Luigi GalvaniIn science, Luigi Galvani (1737-1798) (IQ:175|#270) [RGM:318|1,350+] was an Italian physician-physicist noted for his circa 1771 discovery of the phenomenon of animal reanimation—via electricity, spark or electrochemical circuit contact—of severed frog legs.

In the 1780s Galvani used an electrostatic generator to make frog legs twitch at a distance. [5]

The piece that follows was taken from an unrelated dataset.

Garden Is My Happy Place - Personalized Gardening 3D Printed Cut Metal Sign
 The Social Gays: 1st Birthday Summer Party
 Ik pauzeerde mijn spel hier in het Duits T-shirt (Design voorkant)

Galvani published his results in the 1791 article Commentary on the Effect of Electricity on Muscular Motion. [1]

Twitching discovery
The actual details, facts, and dates of the famous electrically-induced twitching dead frog legs discovery is a bit inconsistent and varied, to say the least, such as who actually made the discovery, Luigi or his wife Lucia Galvani (1743-1788/90), the date of the discover, and actual electro-material apparatus arrangement of the the legs at the time of the discovery—even citations of the date of her last year differ (1788 or 1790) as well as the date of their marriage (1760 or 1762). [9]

As Scottish chemist and technologist George Wilson reported, in his 1859 history of electricity, “some twenty versions of the story are known on the continent” and that he was already making redactions to previous comments about the discovery he had published. [6] In American physiologist Charles Sherrington’s 1840 Man on His Nature, to cite one example, he states, in regards to the two-millennium long mind-brain-soul-movement debate, from Hippocrates to Kant, that:
Lucia Galvani
Luigi's wife Lucia Galvani (1743-1788/90), the possibly discoverer of electrically-induced dissected animal parts movement.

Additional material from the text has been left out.